Editor’s Note: The Chronicle isn’t perfect. But we’re working on it.
September 2, 2019
With breaking news filling our website the past few weeks, we never expected to also have news break in our own newsroom, much less on the first official day of training, when then-Co-Editor-in-Chief Molly Walsh announced she had accepted an opportunity at NBC5 and would no longer be able to work at The Chronicle.
After only a year working as a staff reporter and a few summer months as news editor, I never expected my name to pop up in the search for replacements. Sure, I had considered applying to be editor-in-chief next year as a senior, but not this semester.

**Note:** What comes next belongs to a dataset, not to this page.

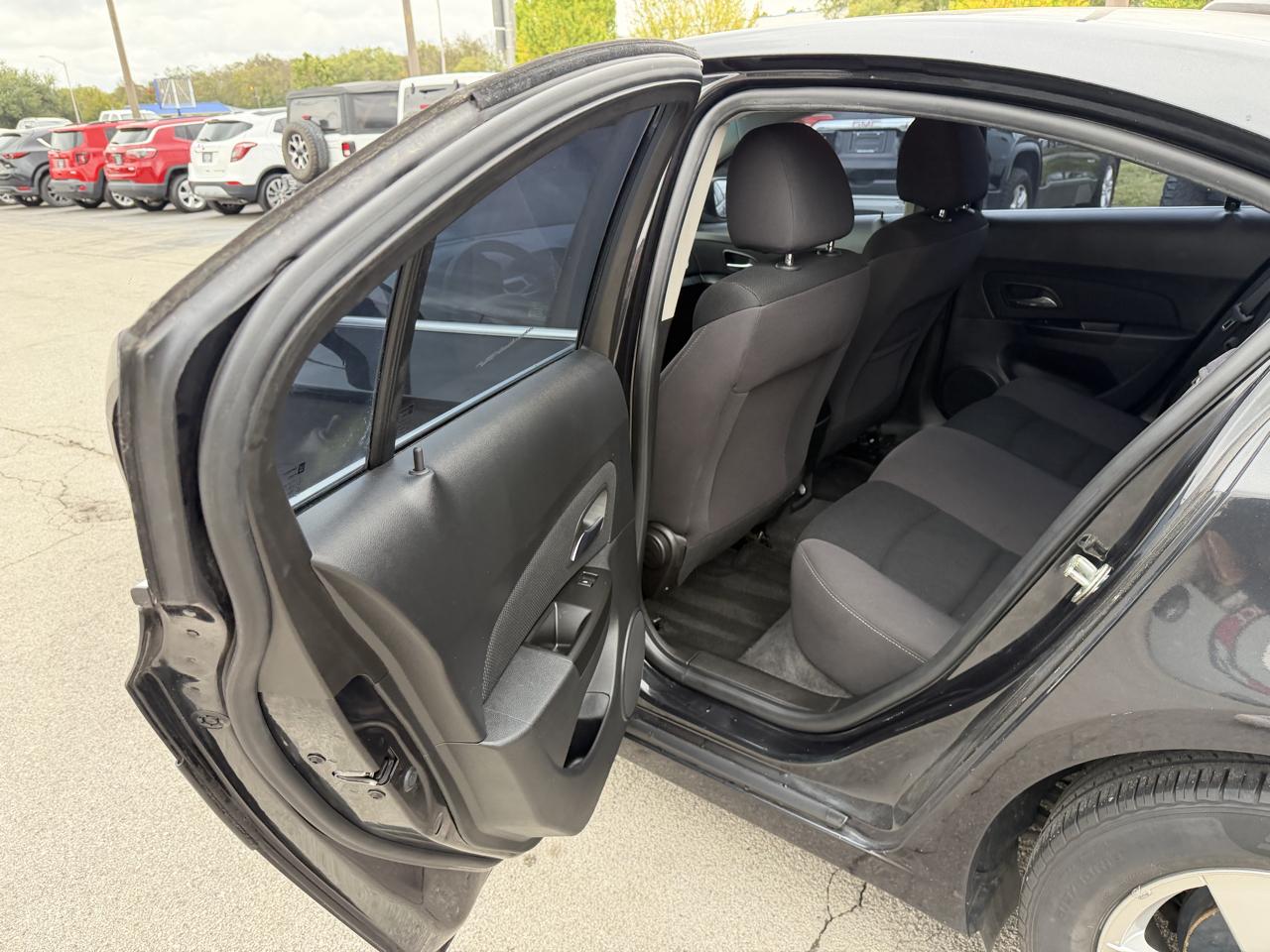 Chevrolet Cruze LT 2014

Nonetheless, I was eager to take on a role I always dreamt of. With my newfound position as co-editor-in-chief with Blaise Mesa—who, in addition to having worked as managing editor last year, also hosts his own show on WCRX radio—I started to consider how a college news operation should function in 2019.
Throughout the summer, immediacy and accountability were on my mind. I thought of this as I continued my coverage of the 2020 presidential election—which included one of the then-presidential candidates, former Colorado Gov. John Hickenlooper, stopping by WCRX studios for an exclusive interview with Blaise and me.
It seemed hypocritical and counterintuitive to me for any news organization to act as a watchdog without holding itself to the same standards.
We cannot expect The Chronicle to report on a lack of transparency from leadership in Columbia’s part-time faculty union without also expecting ourselves to be transparent with our readers on how we report stories; we cannot expect ourselves to report on state bills fighting the global climate crisis without also expecting our staff to recycle products in our office; and we cannot expect ourselves to identify as a student newspaper if we don’t experiment with the changing landscape of journalism.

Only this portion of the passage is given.